6.1. Case study tool selection

The tool selected for this case study is Anylogic, as it is the only tool that satisfies all hybrid simulation criteria. As mentioned in Section 5, other tools can potentially be extended upon to make them suitable for hybrid simulation of CPPSs, but for this case study the one tool is chosen which has the required capabilities ‘out-of-the-box’.

6.2. Case study description

The purpose of the poultry fillet processing line is to fill trays with batches of fillets. These trays are filled to a target weight, and anything put in the tray above the target weight is essentially given away for free. This is known as the bin covering problem (Peeters et al. Citation2017). To reduce this ‘giveaway’, fillets can be trimmed down before they are batched. The trimmed off piece is then used for nuggets.

The poultry fillet processing line consists of seven resources: fillet source, weigher, diverter, batcher, trimmer, batch sink and nugget sink. The plant layer of this system is shown in the bottom half of , and it operates as follows:

  1. Fillets enter the filleting line at the fillet source.

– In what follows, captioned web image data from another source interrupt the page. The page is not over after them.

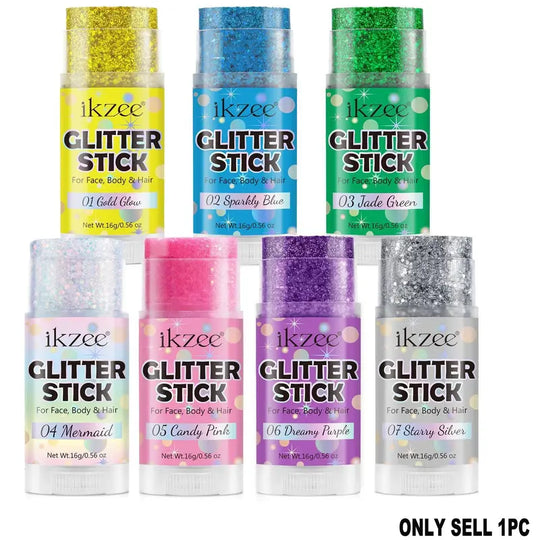 Ikzee Glitter Stick, Body Glitter Gel for Face and Hair, Shimmering Mermaid Glitter with Chameleon Effect and Large Particles, Glowing Body Glitter Cosmetic, Festival Party Makeup Accessory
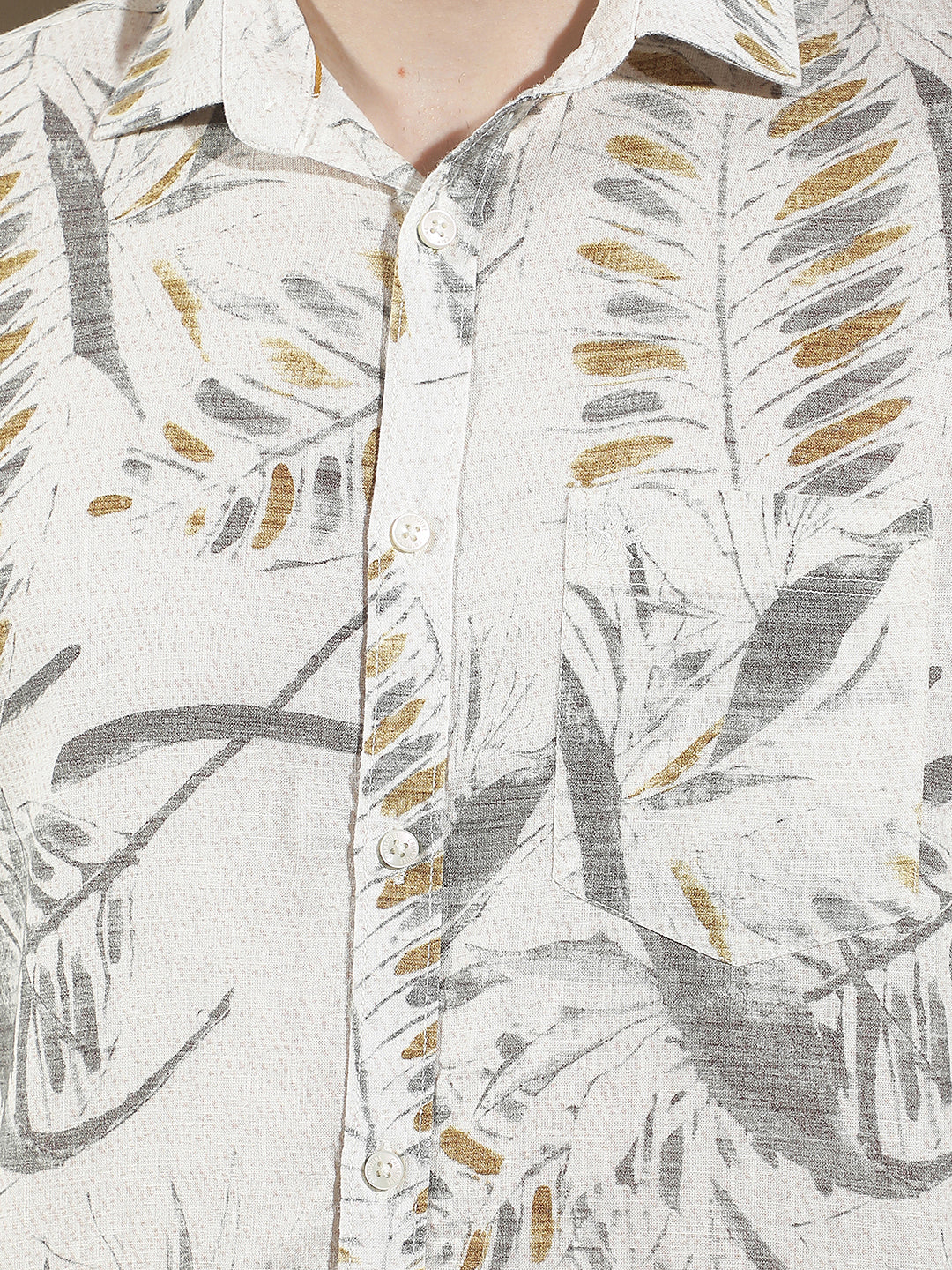 Grey Botanical Print Linen Shirt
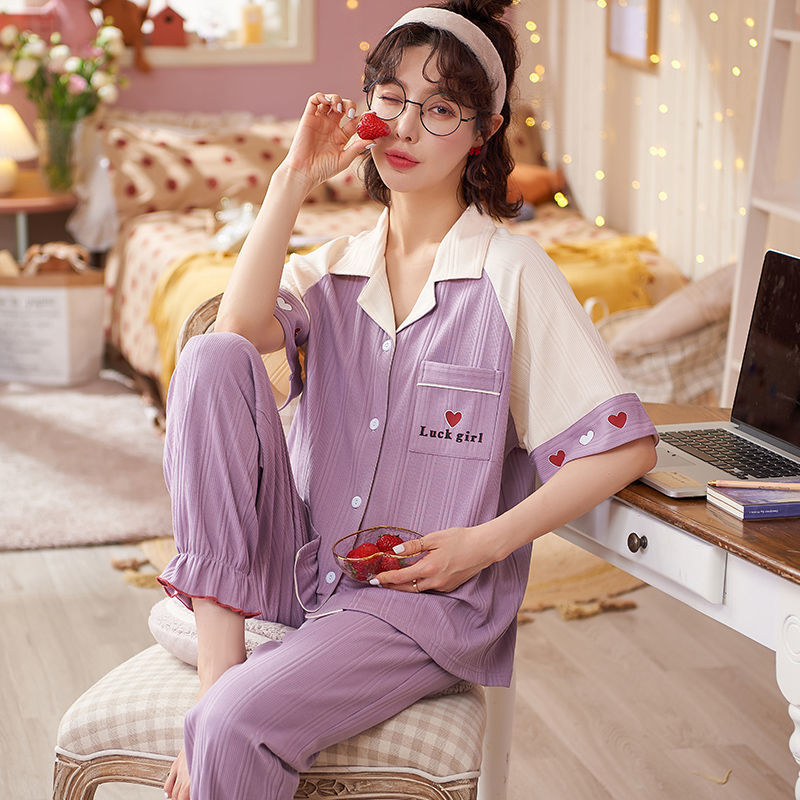 Pijamas de mujer de verano 100% algodón de manga corta pantalones de dos piezas conjunto de ropa de casa de las mujeres de primavera y otoño suelto se puede usar fuera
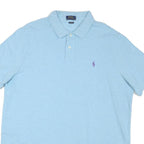 POLO RALPH LAUREN Mens Blue Cotton Blend Short Sleeve Plain L Polo Shirt Classic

  2. The fillets are then weighed at the weigher.

  3. Next, the fillets are diverted to either:

    1. A batcher, where the fillets are batched in trays.

    2. A trimmer, where the fillet is cut up into trimmed fillet and nugget.

  • •The trimmed fillets are sent back to be weighed and are then batched. They cannot be trimmed twice.

  • •The trimmed off pieces are used for nuggets.

Conventional poultry fillet processing lines are controlled by a centralized controller that calculates the optimal production strategy. However, the downsides of using a centralized controller is that the systems are slow to react to change, and have a single point of failure (Leitão Citation2009). When there is a disturbance or failure, the system will either operate with sub-optimal performance while the controller is recalculating the optimal production strategy, or worst-case, the entire system needs to shut down.

Instead of a centralized controller an agent-based production control layer is proposed. A simplified architecture of the agent-based production control layer is shown in the upper half of . In this agent-based production control layer, each of the seven resources is represented by a resource agent (RA). These RAs create, and update the product agents so that they reflect the products that are processed in the system. A product agent (PA) tracks the properties of the product, the product history for traceability, and requests RAs to carry out the required operations in its production plan.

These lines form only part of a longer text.